In 1975, the Federal Government has enacted a statute containing provision that are roughly similar to those included in the California lemon law. The Magnuson-Moss Warranty Act (sometimes called the “federal lemon law”) covers all products sold in the U.S. that are sold with warranties and which are typically used for consumer purposes. It also sets forth certain minimum standards for written warranties.
Most importantly, the federal lemon law requires that warrantors either repair defective products within a reasonable number of attempts or offer to buy them back. Like state lemon laws, the Magnuson-Moss Warranty Act also allows prevailing consumers to recover their attorneys’ fees and costs from losing manufacturers and warrantors.
Generally state lemon laws offer greater protection and more effective remedies than the federal lemon law; however, if you are in a situation where the California does not apply, you should consult a qualified consumer law attorney to discuss your rights under the Magnuson-Moss Warranty Act.
Generally, the question of where an automobile was purchase or leased is easy to determine. If you went to a car dealership, paid for it there, and drove it away the dealership is probably the place of sale.
However, when consumers order automobiles from out-of-state car dealers and/or have them delivered to California the question of where the vehicle was sold becomes much more difficult. California’s Appellate Courts have interpreted the California lemon law’s statutory text to mean that a vehicle is “sold in California” if title passes between the buyer and the seller within this state.

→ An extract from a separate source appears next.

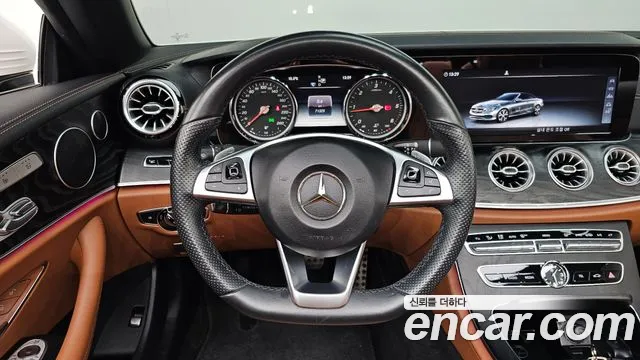 Mercedes-Benz E-Class 2018 — фото 12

So how do you determine where the title passed? Well, you don’t. It’s something you should consult an attorney to discuss. Where title passes is an inherently difficult legal question that will require an analysis of all of the facts and circumstances of your particular transaction. Accordingly, prior to contacting an attorney to obtain an opinion of where title passed, consumers would be wise to gather all of their paperwork regarding the ordering of the vehicle, its sale, and its delivery to California.